O programa envolve 244 profissionais treinados pela Rede Cidadã, entre analistas de desenvolvimento humano, psicólogos, assistentes sociais, para aplicar a metodologia socioemocional criada pela Rede. Até agora, 142 profissionais atuam diretamente na capacitação e 41, no acompanhamento.
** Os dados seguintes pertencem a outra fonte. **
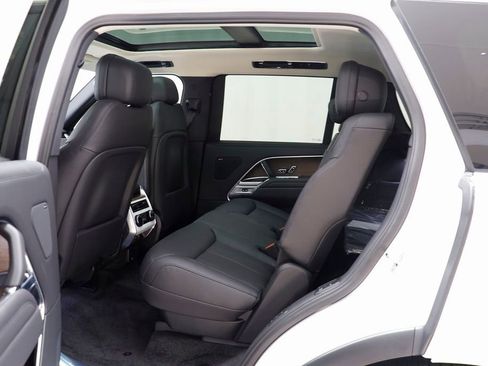 New 2025 Land Rover Range Rover Long Wheelbase SE image 16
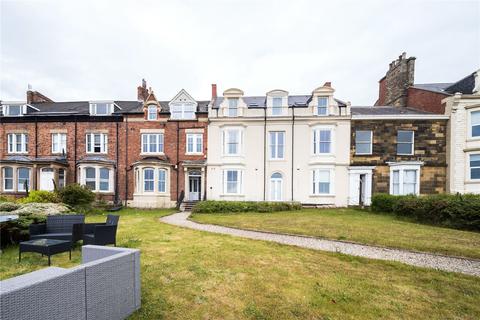 South Lodge, 12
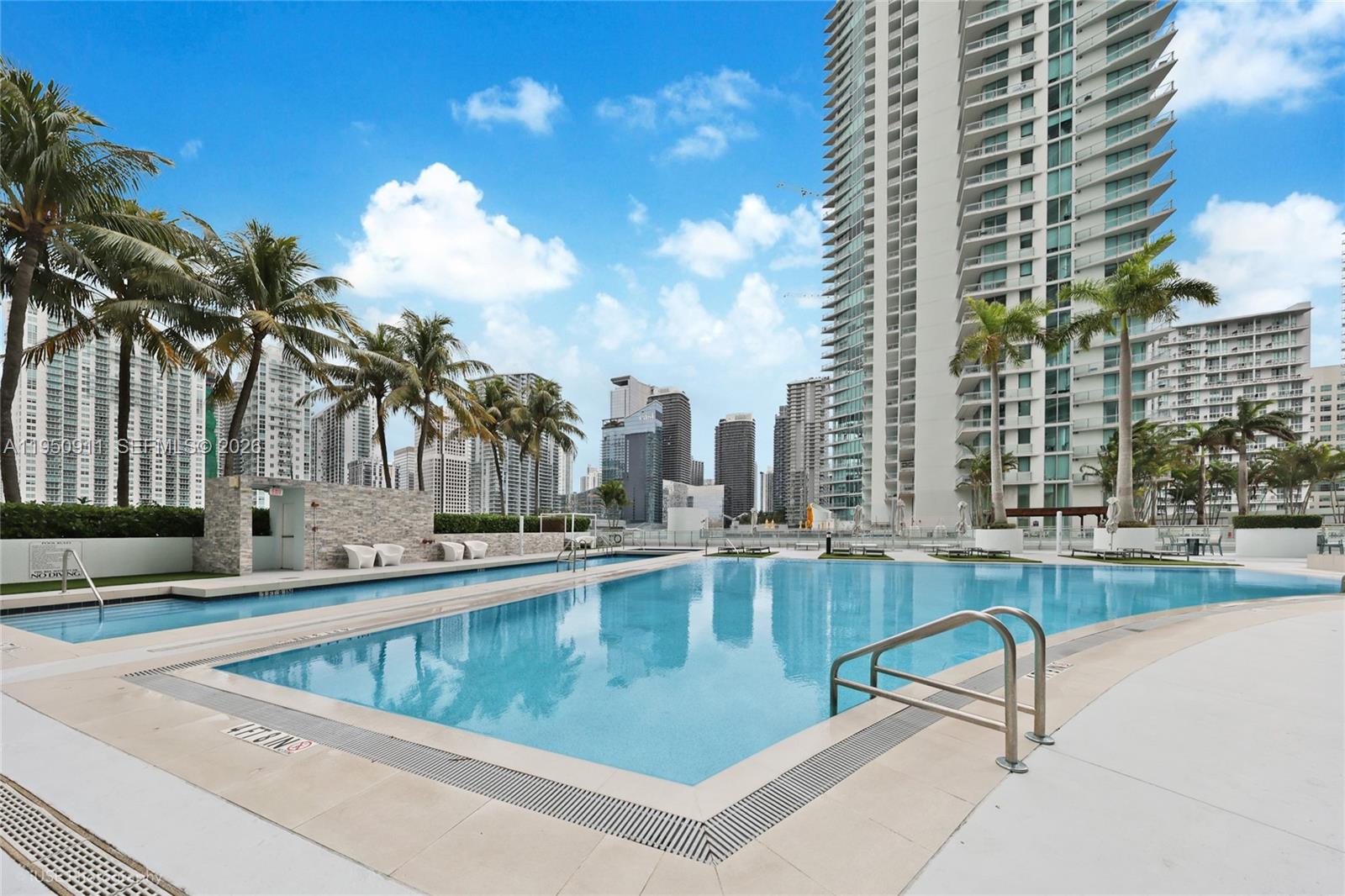 90 SW 3rd St #3109 Miami, FL 33130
O programa adotado em São Paulo já atende adolescentes de Minas há quatro anos, e foi usado no Ceará, de acordo com o dirigente da Rede Cidadã. Segundo o secretário de Justiça, a Rede Cidadã foi escolhida para o trabalho entre seis propostas. A ONG vai operar por 22 meses. O investimento do Estado é de cerca de R$ 25 milhões para a organização estudar quais empresas podem atender os egressos em parceria com a fundação.

A psicóloga Elaine Straub da Rocha, que trabalha com adolescentes em Sorocaba, encaminhou denúncia ao Ministério Público em que alega tentativa de “terceirização” das atividades da fundação, o que o órgão estadual nega. O documento afirma que os servidores sofrem com os impactos de transferências de locais de trabalho. Elaine critica ainda o custo-benefício dos convênios contratados. As informações são do jornal O Estado de S. Paulo.